Did you see Howard Hughes' passionate embrace with another man in The Aviator? Or John Nash in various sexual trysts with young men in A Beautiful Mind? Perhaps you remember the scene where Achilles declares his love to Patroclus in Troy?
Naturally you didn't, because none of the above films incorporate any explicit reference to homosexuality, even if the material upon which they are all based may very well have contained it. Somewhere along the line in these adaptations a value judgement has been made, a budget has been green lighted, and the ideological format of our cinema experience preordained. In other words: history has been rewritten.
Homosexual content of biographical and literary subjects has always been something of a representative hurdle for mainstream cinema - the area this article intends to focus on. This is particularly true of Hollywood , often seen as a reactionary industry powered mostly by box office returns as opposed to any conscientious commitment to accurate representation. Thus it should not be surprising that when it comes to biography and adaptation, mainstream cinema seeks to find a balance between fact and fiction that will ultimately appease the maximum contingent of its potential audience.
The recent film Alexander is intriguingly daring in this respect. Oliver Stone presents Alexander (Colin Farrell) as a bisexual man who forms a lifelong bond with his companion, Hephaeston (Jared Leto). Allegedly this representation had a group of Greek lawyers threatening to sue for defamation, although the suit was dropped after it was admitted the film did not show the explicit scenes they were afraid of. Yet although their love is not demonstrated graphically, Alexander does at one point share a kiss with Hephaeston and also professes his love for him. In fact Stone even goes so far as to hint that this love stands in the way of Alexander's functioning as a progenitor: because at his core his sexuality is homosexual. After her marriage to him Roxane (Rosario Dawson) walks in on Alexander's kiss with his companion and is later accused of murdering Hephaeston. Much fuss is made by his council at Alexander's strange decision to marry this barbarian woman from a conquered community, and later on Roxane shows disgust at an erotic dance given by Alexander's eunuch, after whose performance he proceeds to kiss the slave. Furthermore, allusions are made to Alexander's failure to visit her bed.
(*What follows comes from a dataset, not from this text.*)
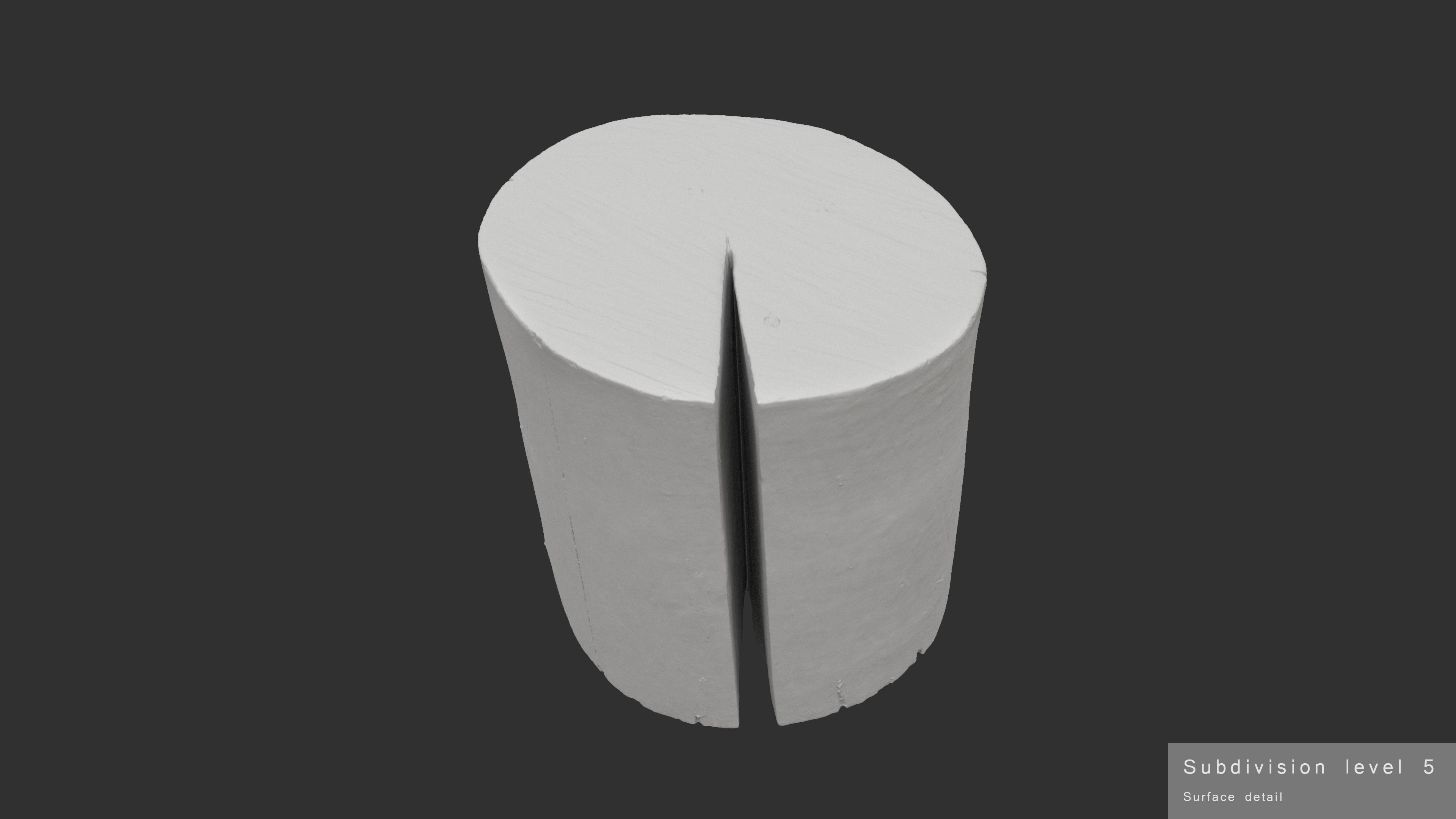 Log Round Cracked Low-poly 3D model_11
Although Alexander was a critical and box office disaster, gay organisations such as GLAAD praised the film for its depiction of its figure. Historical novelist Gore Vidal defended it from critics, telling Reuters press that it was "barrier breaking" in its presentation of a bisexual hero and observed that it was "a breakthrough in what you can make films about. Movies are always the last to register changes in society and this movie does it".
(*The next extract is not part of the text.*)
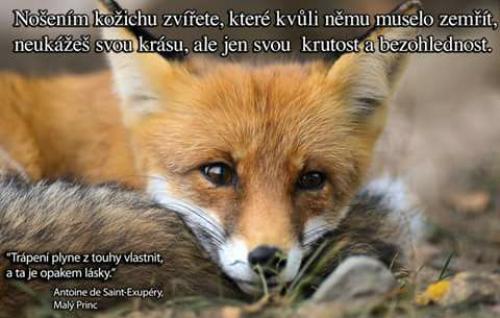 Zemříz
This is perhaps an astute observation, given the budget of the film - reckoned at around $160 million. Yet Stone has claimed that he was primarily concerned with an accurate presentation of history: the film certainly takes pains to establish the cultural attitude of the era, using, as a template, the love of Achilles for Patroclus in The Iliad . Hollywood 's double standards with regards to the truth are here displayed, since the recent big budget adaptation of Homer's work itself excises this love - regarded by scholars as Achilles' motivation for returning to the Greek army after Patroclus has been slain in battle with Hector. Instead Troy replaces male-male love with a family tie. Compared to Alexander , Troy was a box office success - thus raising the question of whether or not the changes are justified, given that mainstream film is, predominantly, a money making enterprise.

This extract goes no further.